### [Given information]

────────────────────────────────────────

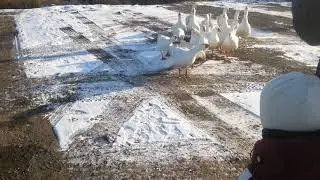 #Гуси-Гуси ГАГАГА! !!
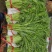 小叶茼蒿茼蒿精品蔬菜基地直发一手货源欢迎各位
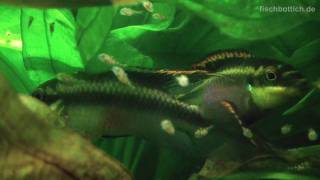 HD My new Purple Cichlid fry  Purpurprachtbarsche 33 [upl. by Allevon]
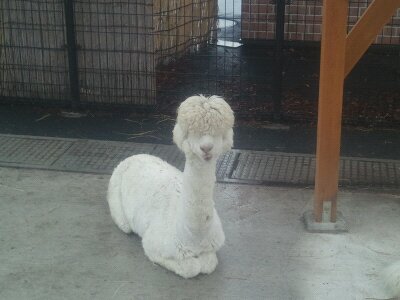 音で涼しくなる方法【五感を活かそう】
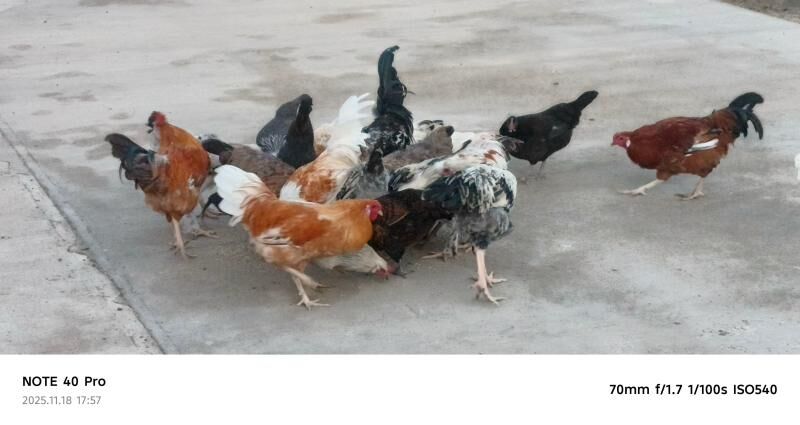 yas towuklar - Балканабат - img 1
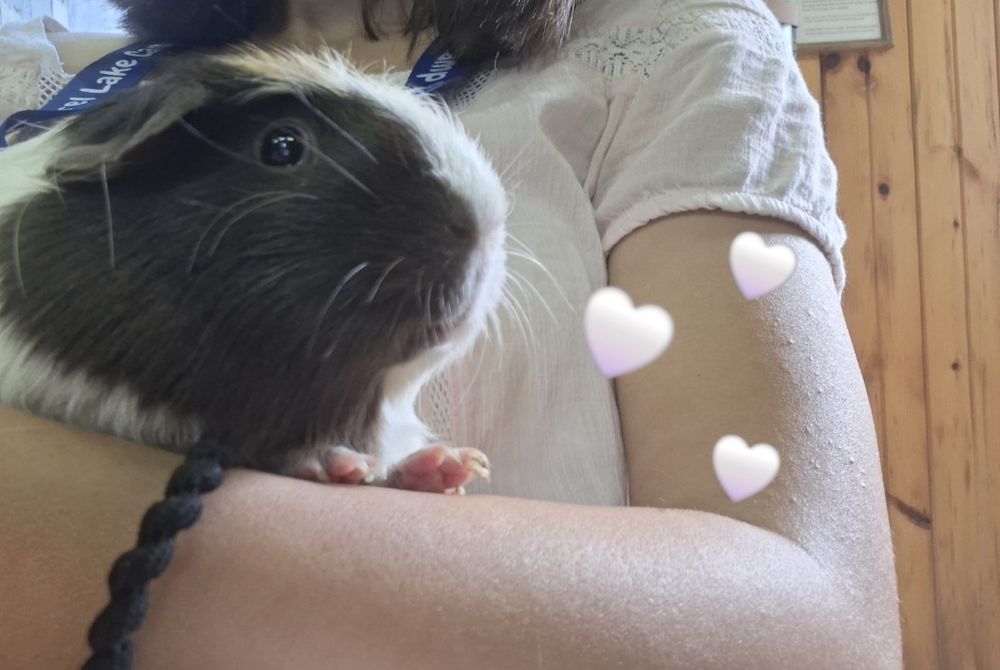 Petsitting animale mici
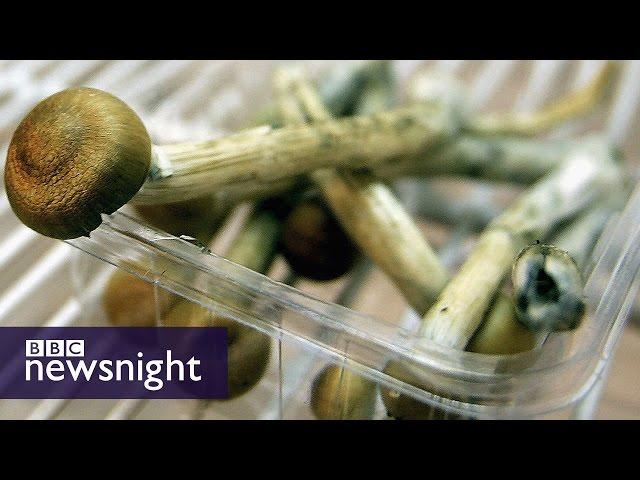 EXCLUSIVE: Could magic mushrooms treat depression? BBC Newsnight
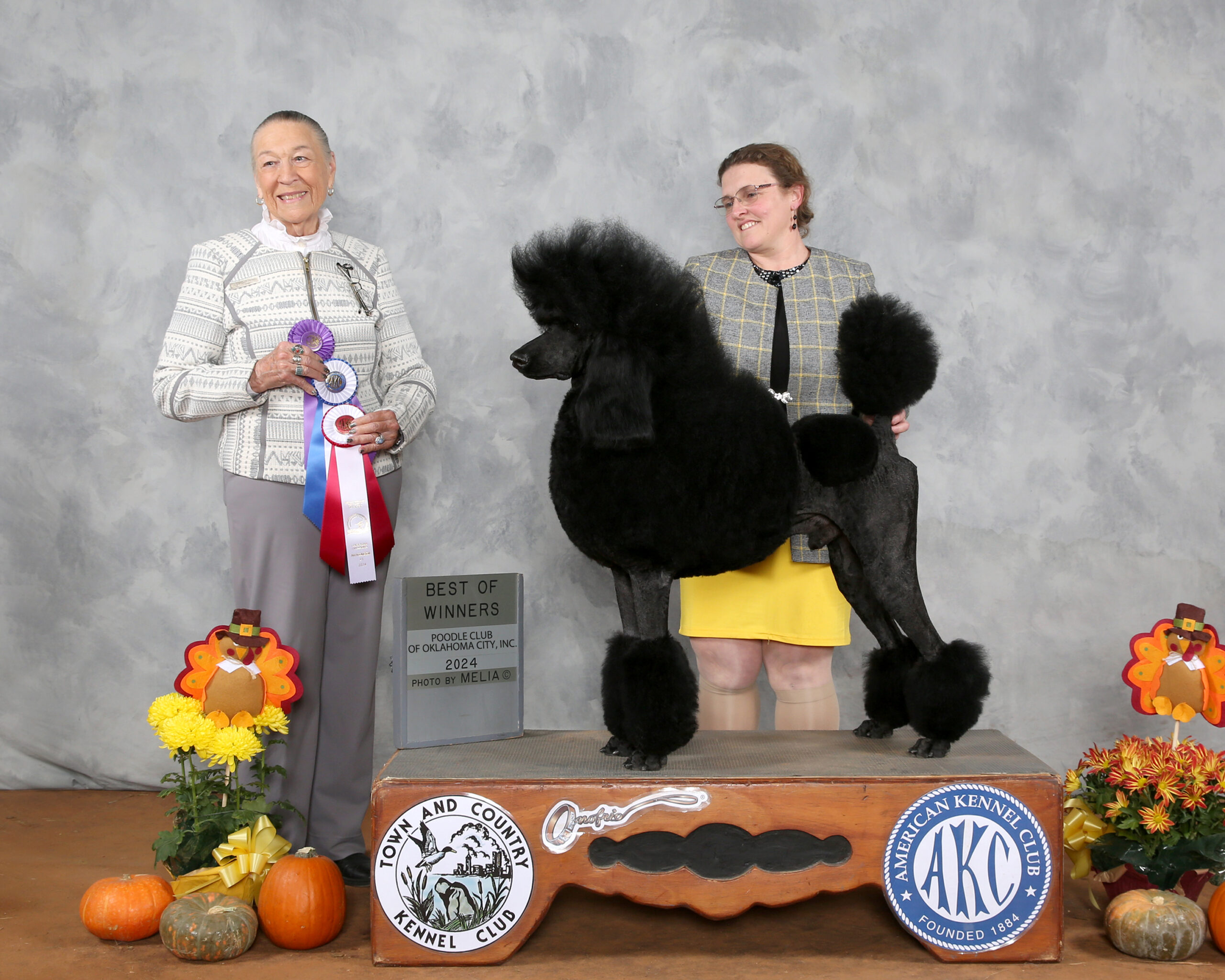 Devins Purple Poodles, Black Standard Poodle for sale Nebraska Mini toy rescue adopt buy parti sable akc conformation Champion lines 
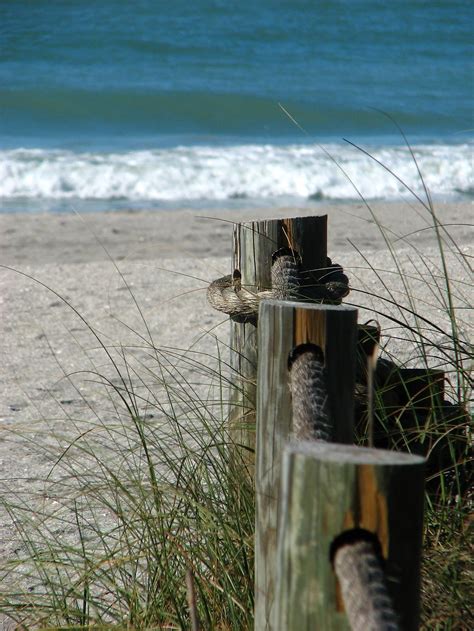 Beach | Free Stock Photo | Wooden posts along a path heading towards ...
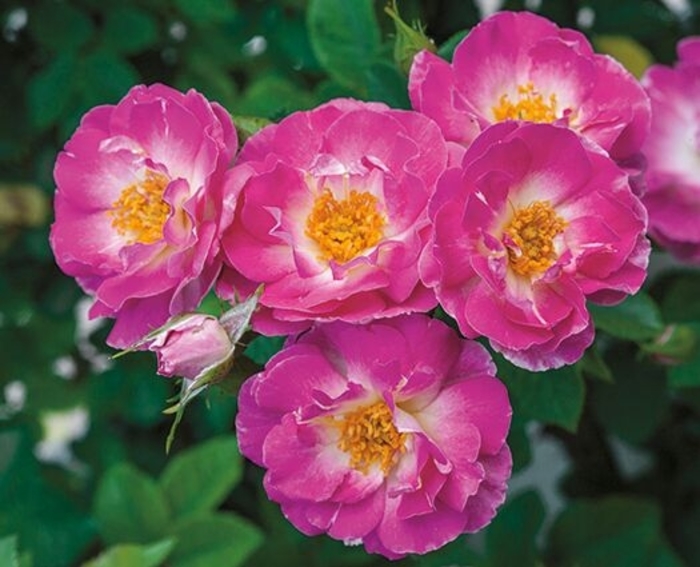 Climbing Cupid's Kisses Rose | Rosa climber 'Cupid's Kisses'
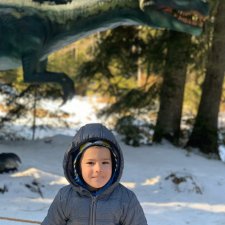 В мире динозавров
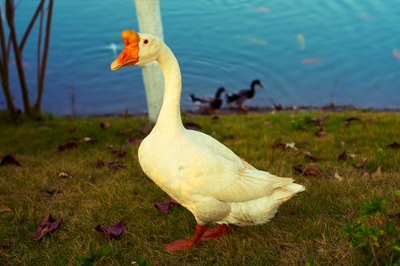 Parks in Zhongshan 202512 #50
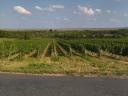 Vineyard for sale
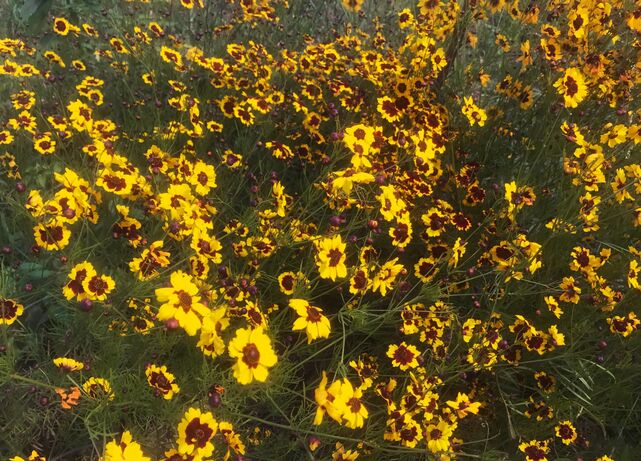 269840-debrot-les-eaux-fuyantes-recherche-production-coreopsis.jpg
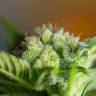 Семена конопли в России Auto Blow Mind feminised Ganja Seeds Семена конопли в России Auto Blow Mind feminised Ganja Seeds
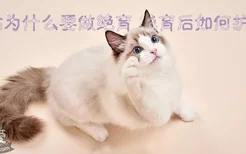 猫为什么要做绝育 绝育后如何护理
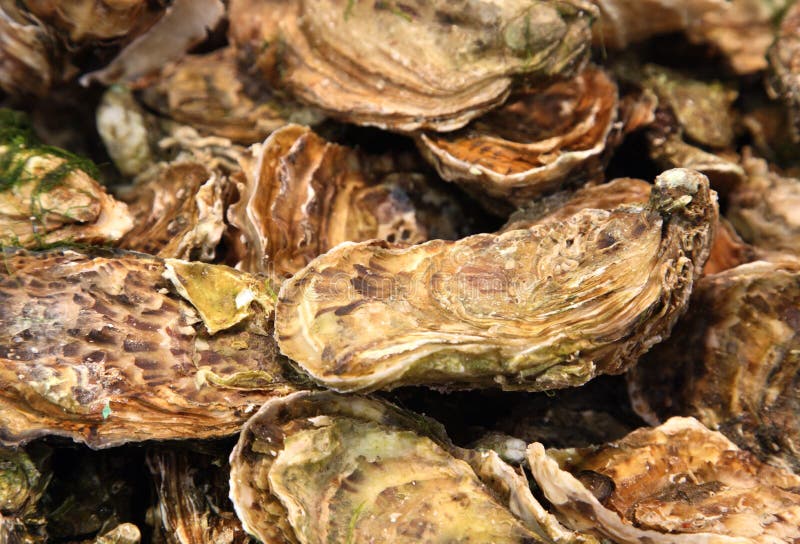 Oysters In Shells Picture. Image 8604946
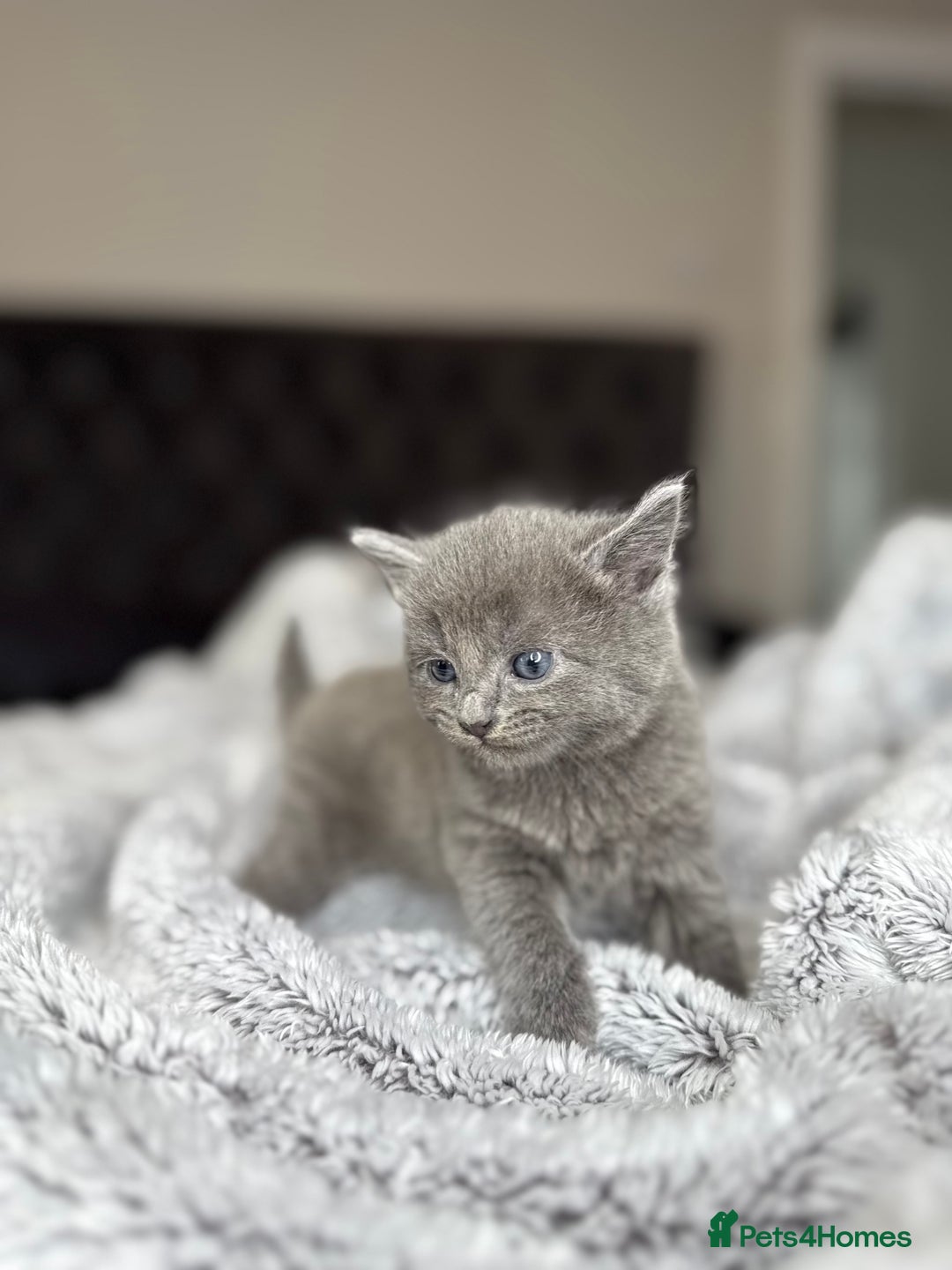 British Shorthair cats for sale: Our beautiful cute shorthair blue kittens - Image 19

────────────────────────────────────────

### [Exercise aim]
Go back to the entries above and restate word for word every line from the first through the one that contains "Oysters In Shells Picture. Image 8604946", leaving the pictures behind.

### [Response to the task]
 #Гуси-Гуси ГАГАГА! !!
 小叶茼蒿茼蒿精品蔬菜基地直发一手货源欢迎各位
 HD My new Purple Cichlid fry  Purpurprachtbarsche 33 [upl. by Allevon]
 音で涼しくなる方法【五感を活かそう】
 yas towuklar - Балканабат - img 1
 Petsitting animale mici
 EXCLUSIVE: Could magic mushrooms treat depression? BBC Newsnight
 Devins Purple Poodles, Black Standard Poodle for sale Nebraska Mini toy rescue adopt buy parti sable akc conformation Champion lines 
 Beach | Free Stock Photo | Wooden posts along a path heading towards ...
 Climbing Cupid's Kisses Rose | Rosa climber 'Cupid's Kisses'
 В мире динозавров
 Parks in Zhongshan 202512 #50
 Vineyard for sale
 269840-debrot-les-eaux-fuyantes-recherche-production-coreopsis.jpg
 Семена конопли в России Auto Blow Mind feminised Ganja Seeds Семена конопли в России Auto Blow Mind feminised Ganja Seeds
 猫为什么要做绝育 绝育后如何护理
 Oysters In Shells Picture. Image 8604946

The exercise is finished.